I were to continue the Dr Who comparisons, Lost probably doesn’t stand up with the stick poking as much either, purely because that’s not what we should be worried about.
Yeah I guess – they’ve sadly been forgotten for a while, but, like Ben, maybe they would’ve been in that church if they had a bit more character development… it’s hard not to leave some behind.
They could have definitely streamlined some parts of the last 3 seasons, given that they knew it was going to end. I don’t know what they should definitely cut off the top of my head, but I definitely feel that since they didn’t want to answer what the island was, reminding us that those bodies were Jacob’s step mom’s and brother’s seem largely unnecessary.
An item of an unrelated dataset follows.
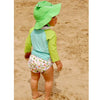 Roupa de Banho Zoocchini Com Fps 50+ Alligator - Zoocchini Babytunes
It did introduce the light to us, which was important in the end, but…. well.
I do think that I can happily afford to forget the last say 2 minutes of sideways time and not ‘know’ where they’re heading off to. And imagining jack’s death as the end of the show.
It’s definitely strange to have all the religious imagery pay off in the then Church of All Religions (except scientologists?). I wonder if they were being clever by having Christian Shepard stand at the stained glass window (the weirdest one in the world in perhaps the weirdest room in the world) with the light shining out in rays past his head. Maybe this is a close as they’d let on as to where they are… some form of multi-coloured heaven?
Yah. Too heavy handed on the religous symbolism. I would have been perfectly fine not having the sideways time being explained.
But what a way to bookend the show, to end the series, to bring everything to a close. The bamboo grove, and the closing eye, the Ajira flight safely flying past. What a way to go. And I don’t think we’ve even covered 50% of all the awesome the final episode gave us, not to mention all the awesome the entire series did. There’s just too much to say.
For all its flaws, Lost has been a grand ride, and I don’t think I would have it any other way.
Lost gave us an end that could’ve been better (I myself am not a fan of the dream/vision/purgatory route), but it also gave us great beginnings and middles, so all in all, I still say that I’m a Lost believer.